| 22 May 2017 |
Let me cut to the chase. Multiple correspondence analysis sounds better than correspondence analysis. But, for 99% of real-world data problems, correspondence analysis is the more useful technique. In this post I explain the difference between the two techniques, and their relative strengths and weaknesses. I assume that you already are familiar with correspondence analysis, but if not, then consider first reading How correspondence analysis works (a simple explanation).
The core difference between correspondence analysis and multiple correspondence analysis
The name, rather obviously, suggests that multiple correspondence analysis should be better than correspondence analysis. Multiple = more = better. And this gets to the root of the problem: the word “multiple” is misleading, except in an exotic technical case, which I will return to below.
For most purposes the way to think about the two techniques is this:
- Multiple correspondence analysis is a technique for analyzing categorical variables. It is essentially a form of factor analysis for categorical data. You should use it when you want a general understanding of how categorical variables are related.
- Correspondence analysis is a technique for summarizing relativities on tables. As tables are ubiquitous in data analysis, it is a technique that can be used widely.
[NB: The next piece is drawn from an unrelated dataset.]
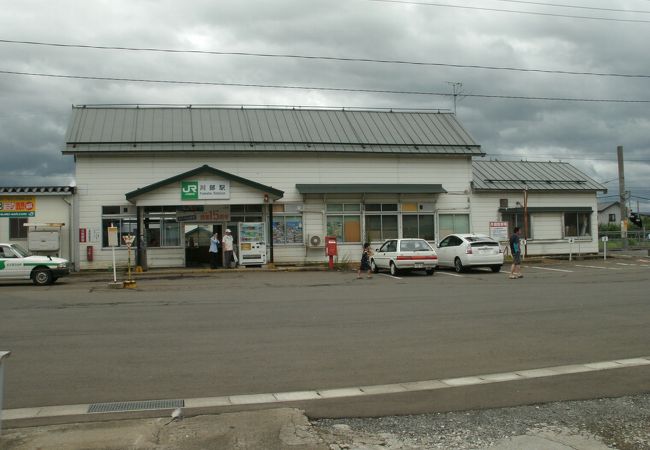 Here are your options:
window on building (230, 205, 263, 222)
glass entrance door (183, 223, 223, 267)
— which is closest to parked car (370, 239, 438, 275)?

Both techniques give the same answer when you have two variables. You can also use both of them for more than two variables, but they give different answers. I illustrate this below.
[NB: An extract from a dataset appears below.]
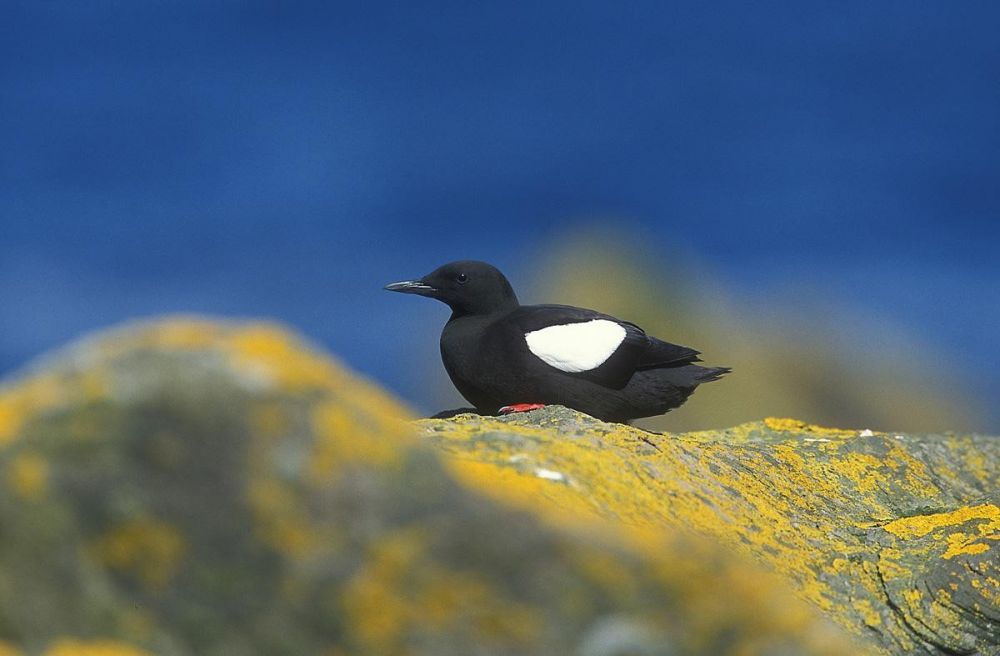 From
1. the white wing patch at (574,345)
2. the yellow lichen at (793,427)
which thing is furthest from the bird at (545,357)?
the yellow lichen at (793,427)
The reason for the word “multiple” is that multiple correspondence can be provided to a table that has more than two dimensions (e.g., a cube), whereas correspondence analysis requires as an input a table with only two dimensions. So, the word “multiple” refers to the number of dimensions of the input table. Below I show you a five dimensional table so you can get a better idea of what this means.
An example of multiple correspondence analysis
The scatterplot below shows a multiple correspondence analysis of five variables: voting in the 2008 and 2012 US elections, approval of President Trump, age, and gender. The key conclusions from it are that:
- People aged 18 to 24 were less likely to vote and more likely to have no opinion about Trump.
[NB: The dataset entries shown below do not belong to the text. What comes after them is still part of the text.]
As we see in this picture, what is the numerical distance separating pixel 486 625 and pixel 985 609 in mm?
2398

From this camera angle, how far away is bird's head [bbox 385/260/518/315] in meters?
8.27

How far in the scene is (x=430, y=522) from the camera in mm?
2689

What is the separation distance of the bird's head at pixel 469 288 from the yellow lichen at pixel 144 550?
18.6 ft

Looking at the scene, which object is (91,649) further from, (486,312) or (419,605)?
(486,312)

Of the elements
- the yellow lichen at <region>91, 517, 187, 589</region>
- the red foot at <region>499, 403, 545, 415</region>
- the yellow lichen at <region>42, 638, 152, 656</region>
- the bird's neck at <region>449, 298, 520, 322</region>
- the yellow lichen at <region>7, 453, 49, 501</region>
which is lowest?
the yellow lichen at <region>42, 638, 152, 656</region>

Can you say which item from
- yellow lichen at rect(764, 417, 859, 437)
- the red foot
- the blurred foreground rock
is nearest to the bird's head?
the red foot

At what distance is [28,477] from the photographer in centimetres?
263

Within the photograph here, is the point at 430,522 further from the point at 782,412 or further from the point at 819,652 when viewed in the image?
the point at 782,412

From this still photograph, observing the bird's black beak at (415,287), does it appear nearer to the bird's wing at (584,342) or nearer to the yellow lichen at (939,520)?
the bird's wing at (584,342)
- Approval and disapproval is correlated with candidate-party choice for 2012 and 2008.
The problems with multiple correspondence analysis
Difficulty in checking the input data table
The above plot seems pretty useful. And, multiple correspondence analysis can be useful. Nevertheless, it has some serious limitations. The first limitation is that it is extremely difficult to check conclusions by looking at the raw data. Check out the table below. Note the scroll bars: it is a really big table. It is a five-dimensional table. It shows counts, as it is difficult to even think about how to compute percentages on a five-dimensional table.
Inability to confidently evaluate associations
The next limitation relates to the interpretation of the relationships between the variables. As discussed in How to interpret correspondence analysis plots (it probably isn’t the way you think), if we have the appropriate normalization, when we use correspondence analysis we can understand the association between labels from different variables by drawing a line from each label to the origin, and taking into account the lengths of these lines and the angle where they intersect with the origin. Unfortunately, with multiple correspondence analysis, there is no normalization that permits all such comparisons. Consequently, we always need to check the raw data. But, as just discussed, that is not so easy. Hence, with multiple correspondence analysis we have an increased risk of misinterpretation.
Further complicating the problem with looking at associations is that multiple correspondence analysis tends not to explain all the variance. In the map shown above, 16% of the variance is not explained. As we cannot inspect the data, this is a problem.
The next problem relates to messiness. With more than five or six variables, the resulting maps are really hard to use. As an example, take a look at the one below. What makes it so hard is that it plots every level of every categorical variable. Often this means that redundant information is plotted (e.g., the “yes” of a two-category, and, at the opposite side of the map, the “no” for the same variable). As I will show you soon, we can get a good visualization of this data using correspondence analysis.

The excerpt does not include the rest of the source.